Le Brésil

Un acte antidémocratique à Brasilia équivaut à 5% de ce qui est attendu, selon le journal

São Paulo – Selon les informations du journal Valeur économique, un ministre de la Cour suprême fédérale (STF) a récemment reçu une audience estimée à 150 000 personnes sur l’Esplanada dos Ministérios, à Brasilia. Certains observateurs l’estiment même à moins de 100 000. Cela équivaut à 5% du total prédit par les pocketnaristas dans les audios et vidéos qui ont circulé sur les réseaux à la veille du 7 septembre. Les informations officielles sur le nombre de manifestants n’ont pas été divulguées. Tout au long de la journée, des termes comme « flopou », « fiasco » et « échec » figuraient parmi les trains sur Twitter.

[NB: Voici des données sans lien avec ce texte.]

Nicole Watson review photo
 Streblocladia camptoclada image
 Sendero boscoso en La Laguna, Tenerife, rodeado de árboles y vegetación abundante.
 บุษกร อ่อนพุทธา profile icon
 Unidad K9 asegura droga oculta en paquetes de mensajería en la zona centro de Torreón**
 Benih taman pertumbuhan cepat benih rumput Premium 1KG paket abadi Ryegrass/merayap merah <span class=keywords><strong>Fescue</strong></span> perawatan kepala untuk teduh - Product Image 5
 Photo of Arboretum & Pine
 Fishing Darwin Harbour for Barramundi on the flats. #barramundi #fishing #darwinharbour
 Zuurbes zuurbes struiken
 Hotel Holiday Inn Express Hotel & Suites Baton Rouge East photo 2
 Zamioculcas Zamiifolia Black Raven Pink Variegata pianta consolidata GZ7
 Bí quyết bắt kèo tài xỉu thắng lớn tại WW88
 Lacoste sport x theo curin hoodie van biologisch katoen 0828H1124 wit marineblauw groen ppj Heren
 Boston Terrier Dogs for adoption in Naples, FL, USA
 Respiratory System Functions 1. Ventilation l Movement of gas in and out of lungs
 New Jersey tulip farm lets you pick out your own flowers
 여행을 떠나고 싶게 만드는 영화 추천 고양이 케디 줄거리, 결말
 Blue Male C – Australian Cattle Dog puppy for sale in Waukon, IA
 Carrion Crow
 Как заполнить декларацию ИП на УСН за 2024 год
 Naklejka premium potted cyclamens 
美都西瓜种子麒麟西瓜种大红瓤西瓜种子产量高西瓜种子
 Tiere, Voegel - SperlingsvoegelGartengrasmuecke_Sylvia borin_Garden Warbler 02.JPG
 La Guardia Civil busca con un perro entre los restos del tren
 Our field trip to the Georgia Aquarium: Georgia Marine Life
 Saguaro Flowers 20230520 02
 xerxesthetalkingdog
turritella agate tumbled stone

« D’après les images aériennes, avec tout l’argent investi, toute la structure gouvernementale impliquée, le public est petit. Beaucoup de camions, de machines, mais des PERSONNES, pratiquement rien. Ce sont des manifestants qui sont venus en excursions à Brasilia, payés par quelqu’un », a indiqué le député fédéral Paulo Pimenta (PT-RS).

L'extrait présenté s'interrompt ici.